Online pirate
A US ISP is arguing that not all users of the BitTorrent technology are using it to download pirated content iStock

US internet service provider (ISP) Cox Communications is arguing that BitTorrent cannot be labelled as a tool for illegal downloading, since the technology is routinely used for many legitimate purposes as well.

Cox Communications is the seventh biggest broadband ISP in the US with 4.3 million customers. In November 2014, BMG Rights Management and Round Hill Music sued Cox for not terminating customer accounts being used frequently to download and share pirated music content.

One year later, the case is now set to go to trial, but Cox has filed a motion asking that the court bar the use of any material that attempts to equate torrenting with copyright infringement, out of concerns that such material would mislead the jury during the trial, according to TorrentFreak.

"Plaintiffs seek to introduce testimony and third-party hearsay — with inflammatory statements such as 'File-Sharing Is Really About Piracy' — as proof that BitTorrent use equates to the existence of infringement," Cox stated in the motion.

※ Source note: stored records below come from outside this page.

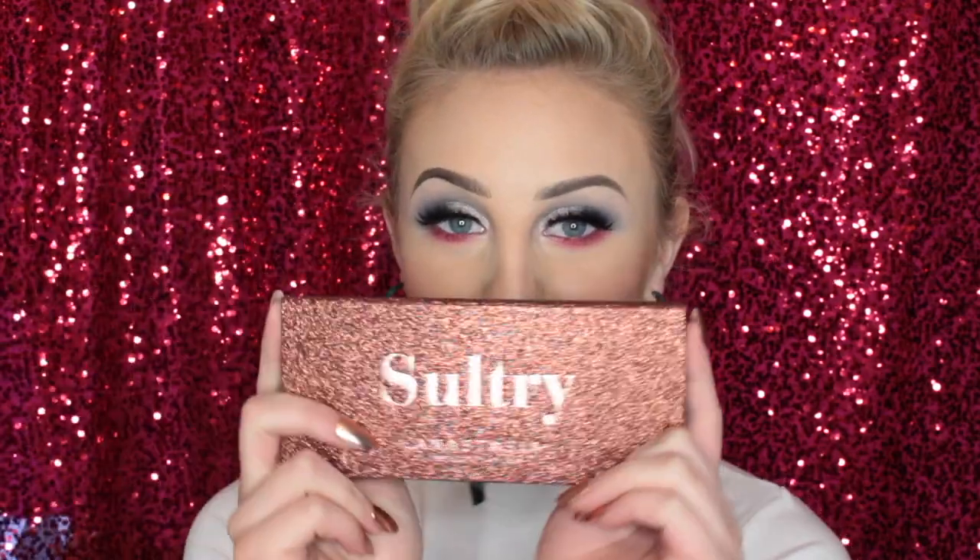Hey guys, it's Becca Boo here. Welcome to my channel. Today's video, like you saw in the title, is on the ABH Sultry Palette.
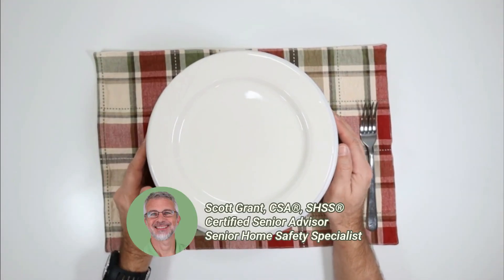Hey there, my name is Scott Grant. I'm a certified senior advisor and a senior home safety specialist at Graydon with Grace.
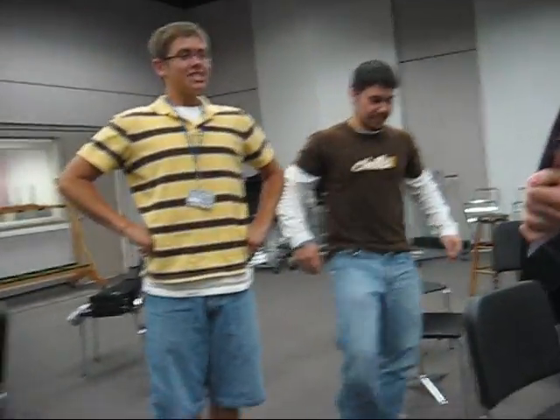Oh my god. Ready? Ready? Five, six, seven, eight. Yeah!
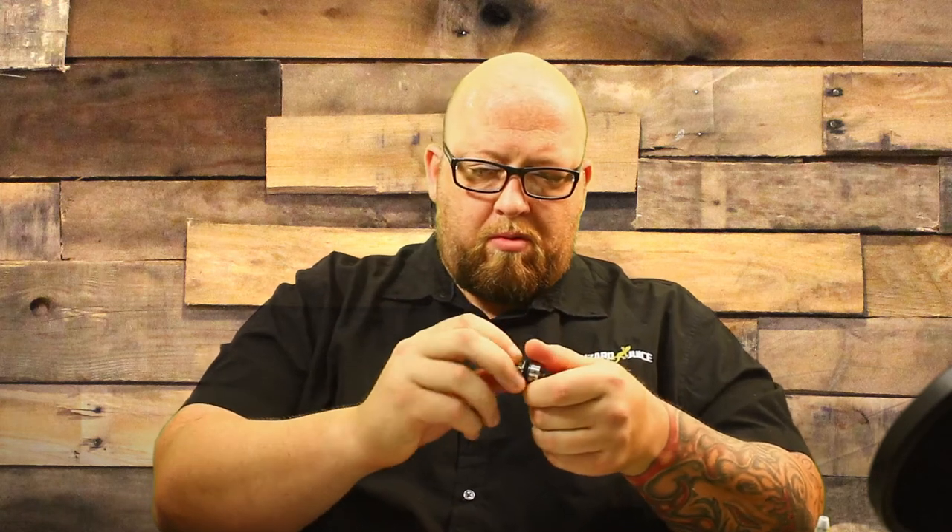Once you have it broken down into the three pieces, there are a couple different ways you can do it. You can drop your glass and your top cap into an alcohol bath, or you can soak those in water. Take the coil out — which is real simple, just unscrew like so — then clean the contact pin inside and out, and get your threads.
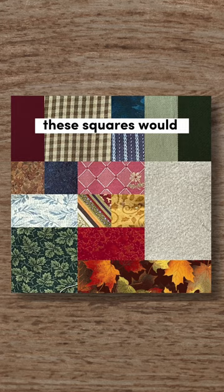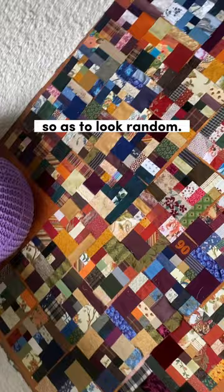These squares would all be the same dimension, so sewing them together would be fairly straightforward, but the overall visual effect would hopefully be varied enough so as to look random.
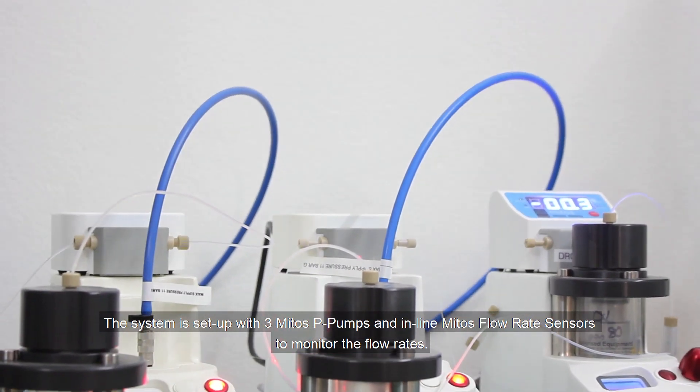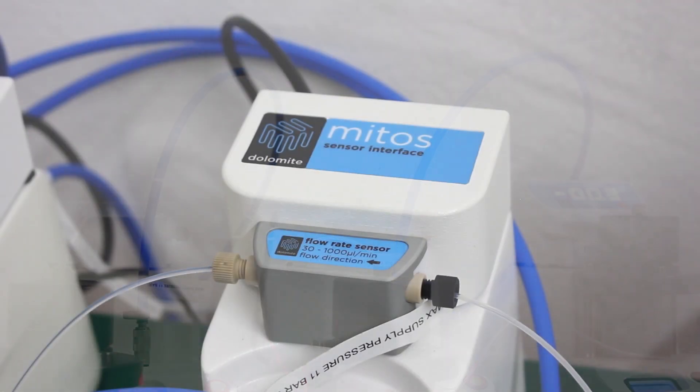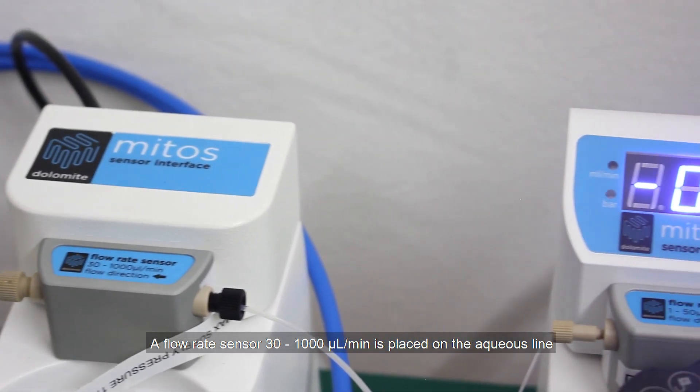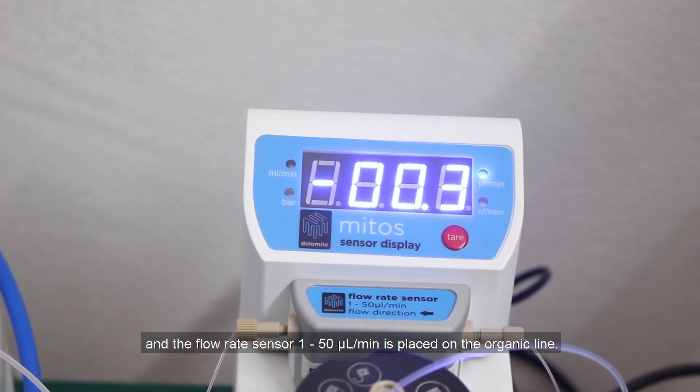The system is set up with three Mitos P-pumps and inline Mitos flow rate sensors to monitor the flow rates. A flow rate sensor 30 to 1000 µm is placed on the aqueous line, and the flow rate sensor 1 to 50 µm is placed on the organic line.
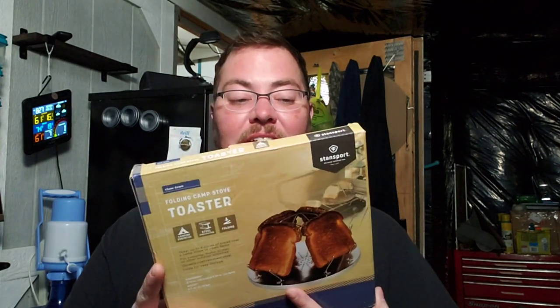Hey everybody, it's Chris for Travels Homesteading. How you doing? I'm doing great, I hope everyone's doing great. I just wanted to come to you with this — it is a folding camp stove toaster. Living off-grid, you only have so much solar.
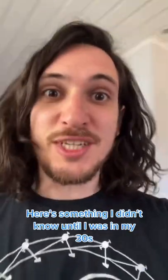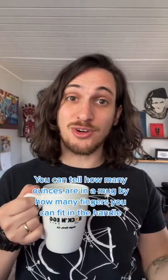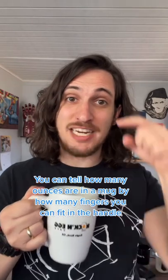Here's something I didn't know until I was in my 30s. You can tell how many ounces are in a mug by how many fingers you can fit in the handle.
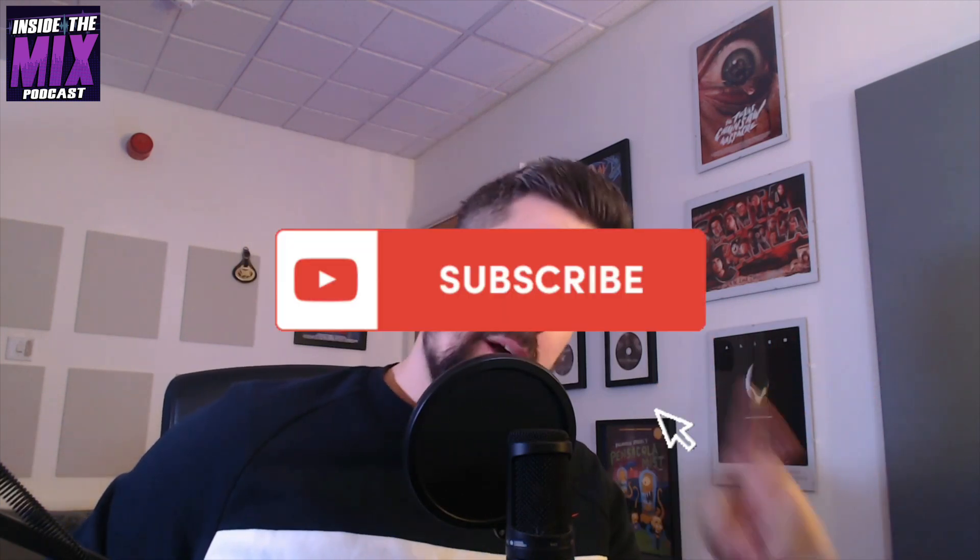Hello folks and welcome back to the Inside the Mix podcast. If you are a new listener, make sure you hit that follow button on your podcast player of choice, and if you're listening to this on YouTube, make sure you hit subscribe and that notification bell so you get notified anytime a new episode drops, which is weekly on a Tuesday.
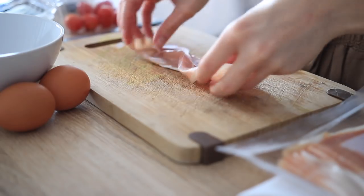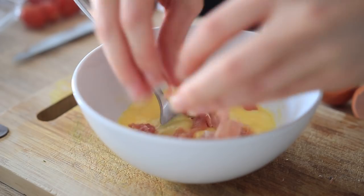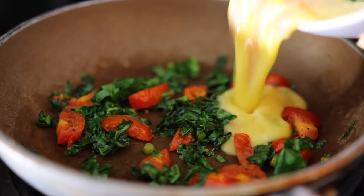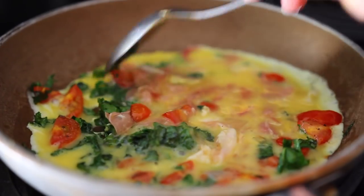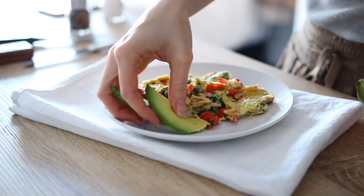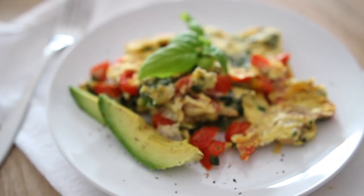While the veggies are cooking, cut up one to two slices of prosciutto and whisk it together with two eggs. Then simply add this mixture to your veggies, scramble it for a minute or two, and add it to a plate and enjoy. This is great with a side of avocado and even better with some fresh basil on top — I love basil.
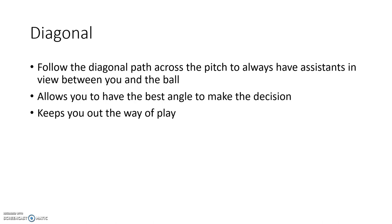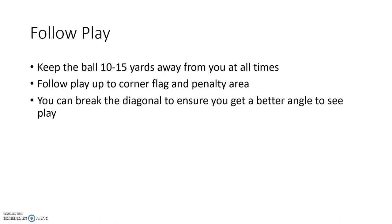The diagonal also keeps you out of the way of play. If they zoom off to the right, you can carry on going left. It gives you a good angle to see the play, and your assistants will be able to give any free kicks near them if that is where play goes. You want to follow the play and keep the ball between 10 to 15 yards away from you at all times. You don't want to be 20 or 30 yards away because it'll be very hard to see small incidents, but you also don't want to be too close and on top of play — you can get in the way, and it can be hard to see tugs from behind if you're literally right there.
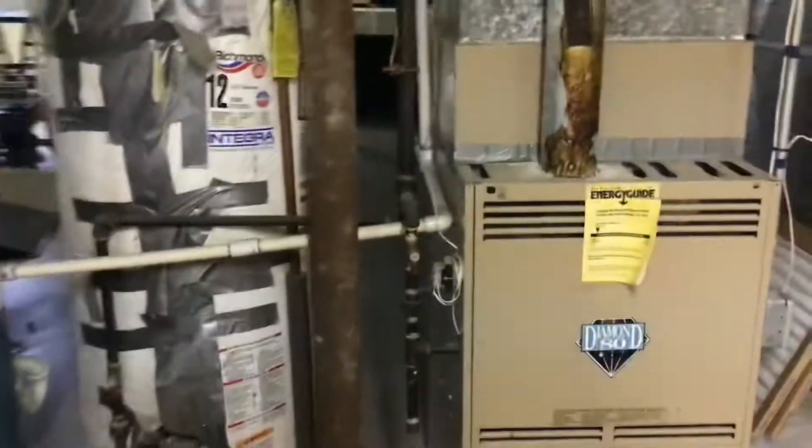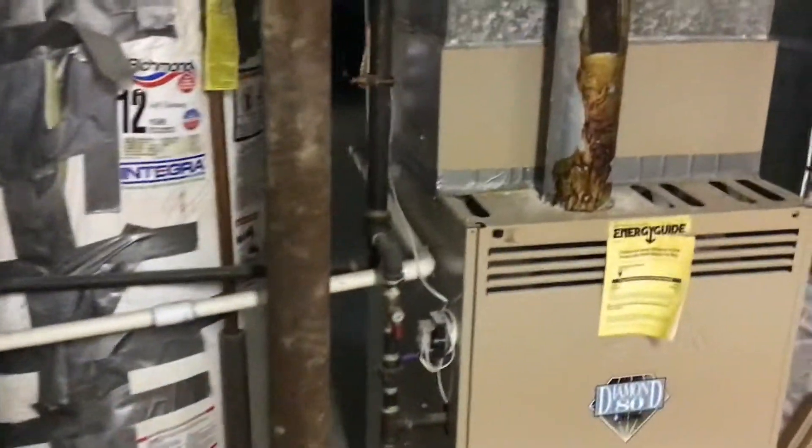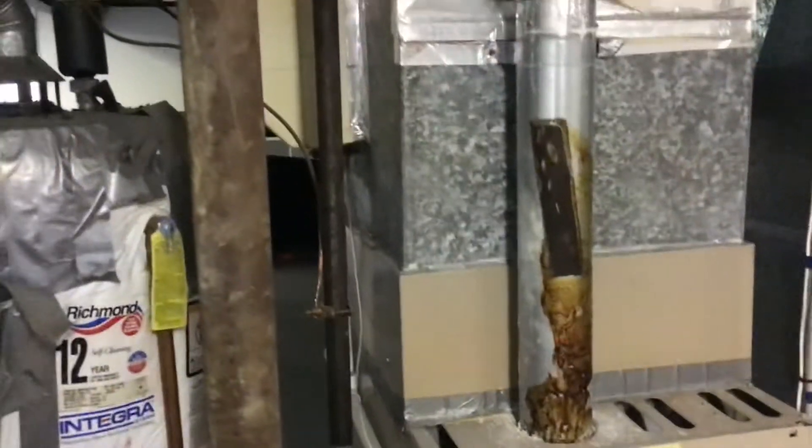Hey guys, we've got a 22-inch wide York, 80% efficiency. I want that flue changed up to about right here.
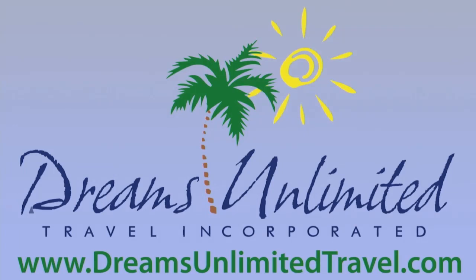The Diz Unplugged Universal Edition is brought to you by Dreams Unlimited Travel. Visit them on the web at www.dreamsunlimitedtravel.com.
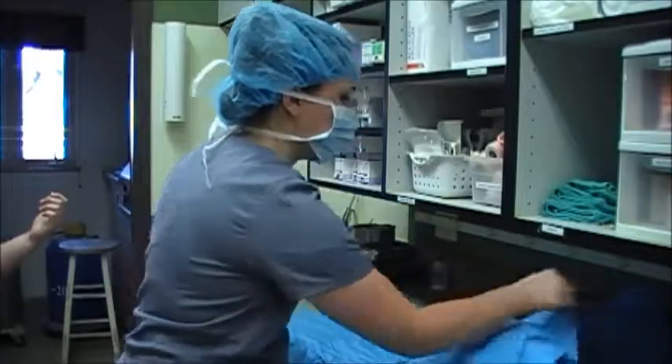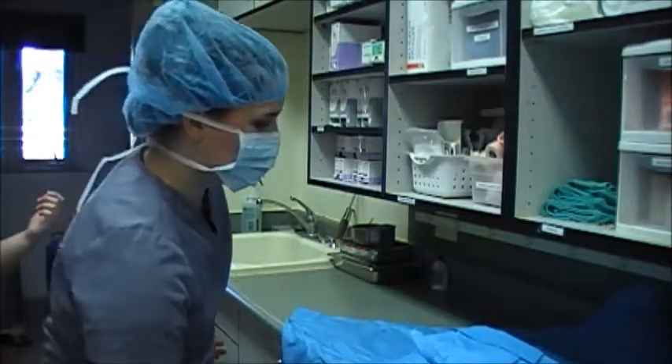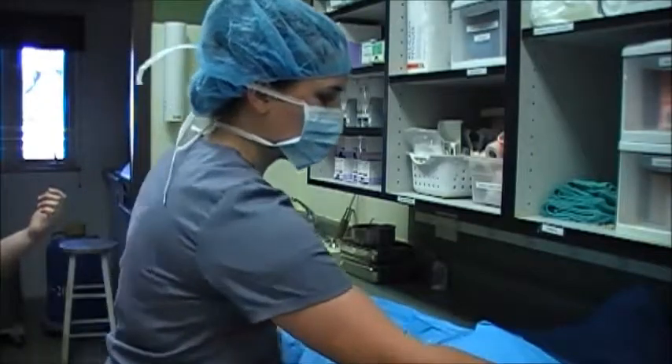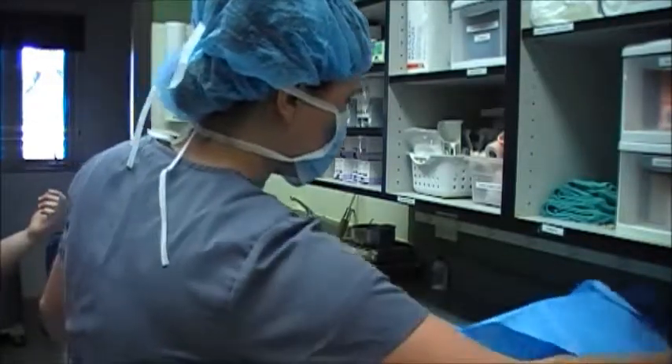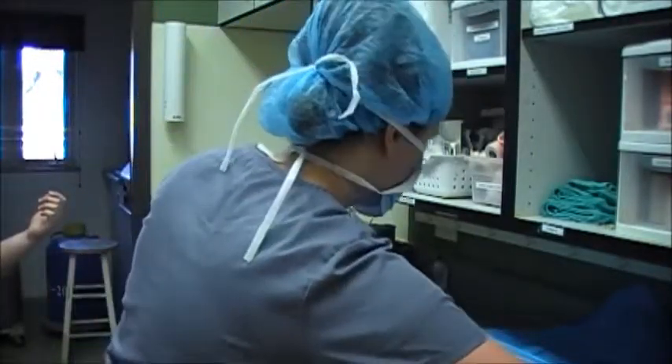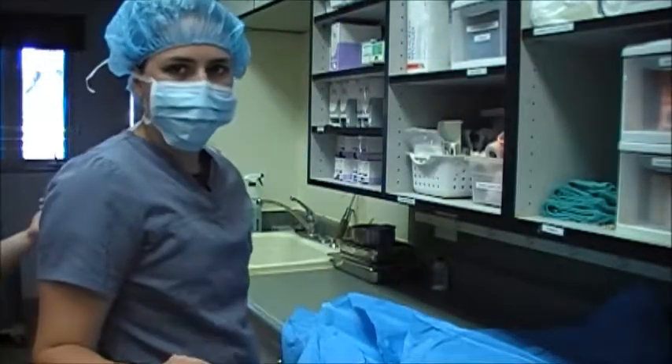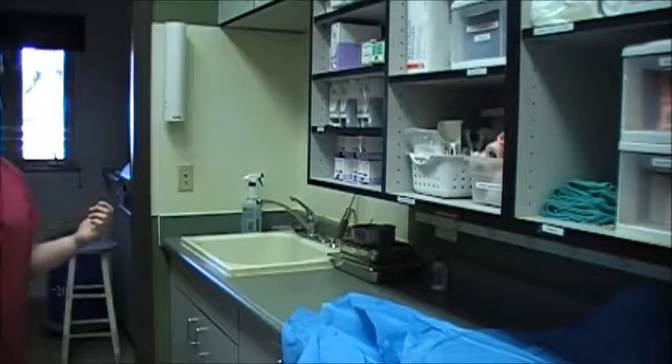I'm opening and pulling my flap away from my field without reaching over top. I'm going to leave the last of my flaps for my sterile doctor to open so she can come pull that one and then get her towel and gown out. So I'm just going to step out of her way.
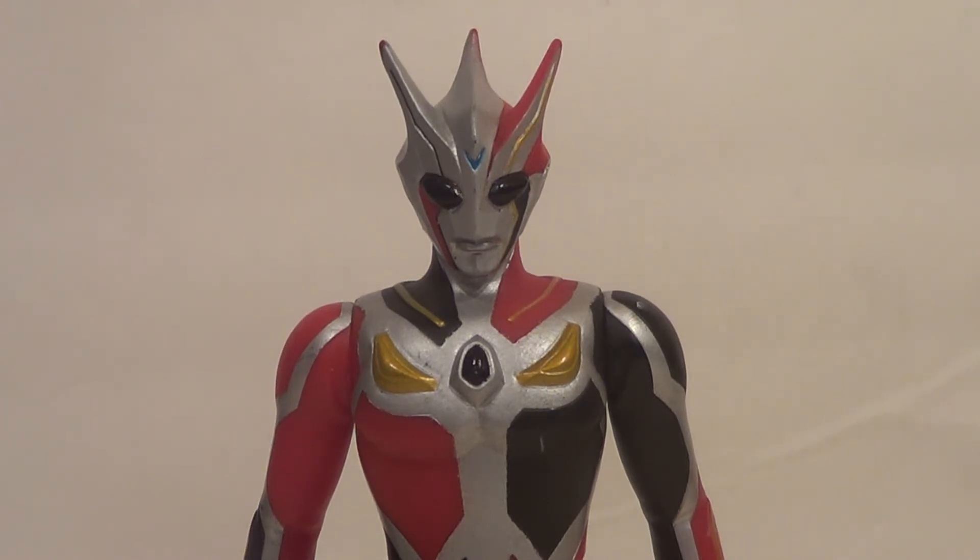I'm just gonna talk about the figure, which is normally a pretty expensive figure, but I got this real cheap on eBay — like real cheap — maybe $10, $15 with shipping. Fantastic deal.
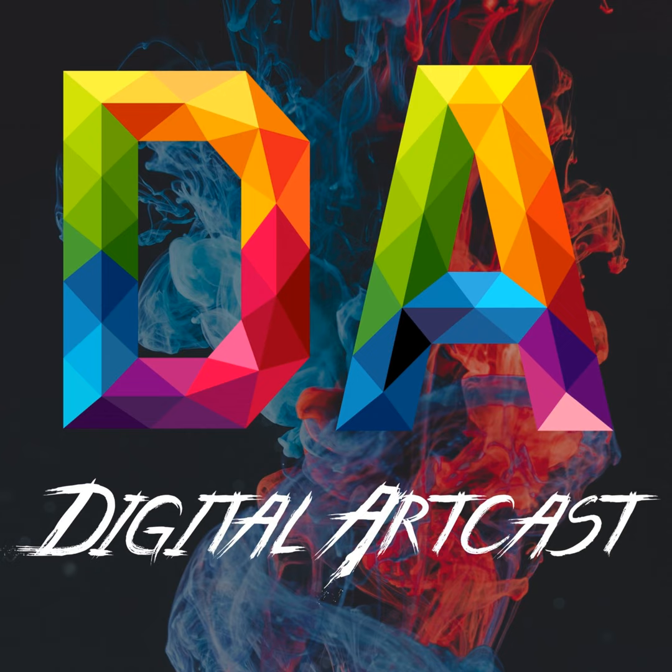Hey guys, and welcome back to Digital Artcast, here again with another episode. Thanks for tuning in once again, and hoping that all you guys are staying safe and creative wherever you are in the world. Today we are joined by a lot of people, and I would say it's a Digital Artcast first.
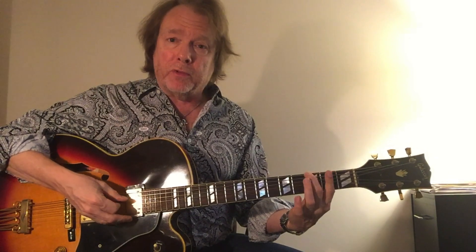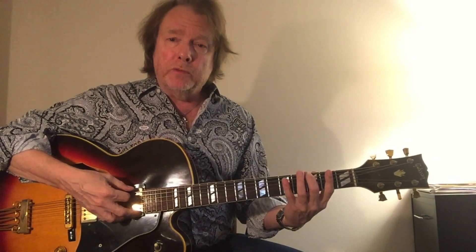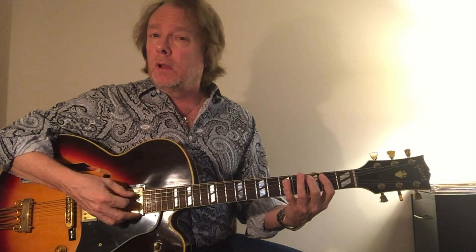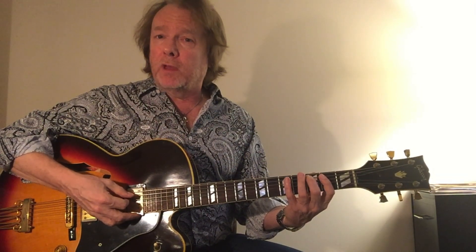All these scales are based on these very simple fingerings. The first one starts with the second finger and it goes 2-4-1-1-2. And then the second half of the scale from D.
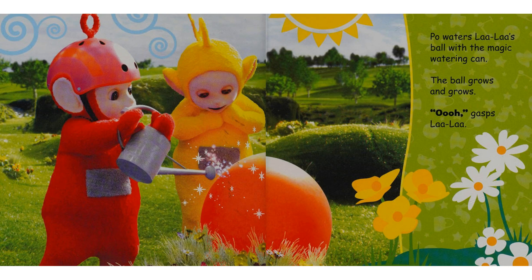Poe waters La La's ball with the magic watering can. The ball grows and grows. "Ooh," gasps La La.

"Once they have argued that BitTorrent use is automatically infringing, Plaintiffs seek to introduce other testimony and documents showing that some proportion of data traffic on Cox's network is associated with BitTorrent in order to mislead the jury into thinking that Cox knew or should have known about the infringement that Plaintiffs allege."

Mere innuendo about BitTorrent is unacceptable

Cox adds that while BMG Rights Management and Round Hill Music are welcome to prove that specific Cox customers did use its network to infringe the plaintiffs' copyrights, they cannot use "mere innuendo" to prove that BitTorrent inherently allows users to infringe copyrights.

"Plaintiffs have no evidence that most or all use of BitTorrent, which is simply a communication protocol, constitutes infringement of Plaintiffs' copyrights. Plaintiffs' attempt to equate BitTorrent use with infringement of their copyrights would mislead the jury, and any marginal relevance about people's general use of BitTorrent is substantially outweighed by the risk of prejudice and confusion," Cox stressed.

"Furthermore, statements in Plaintiffs' proposed exhibits about BitTorrent are inadmissible hearsay because they are out-of-court statements that Plaintiffs seek to offer for their truth."

BMG Rights Management and Round Hill Music have previously argued that Cox refused to terminate the customer accounts found to be pirating content because it would lose revenue.

This claim is probably not that far from the truth as ISPs around the world have all refused to block access to popular torrent sites like the Pirate Bay until they received court orders. Customers who download a lot of content consequentially use a lot of bandwidth, which means ISPs can charge premium prices for faster speeds and more bandwidth if the user goes over their monthly limit.

Cox says copyright holders are trolls

On the other hand, Cox has made some accusations of its own – claiming that BMG Rights Management and Round Hill Music are the equivalent of a copyright "troll" and using "extortionist" measures to gain information about Cox customers they claim committed copyright infringement.

Both BMG Rights Management and Round Hill Music are clients of Rightscorp, a US anti-piracy firm that uses patent-pending technology to identify internet users it suspects of repeatedly illegally downloading content. The firm sends out thousands of cash settlement demands every year, threatening users that they could be liable for penalties of up to $150,000 (£99,000) in court if they don't settle.

When the case goes to trial, Cox will seek to prove that Rightscorp illegally harvested data on Cox customers by violating private investigation and debt collection licensing laws, so of course, the plaintiffs have filed a motion asking the court to prohibit the use of this evidence.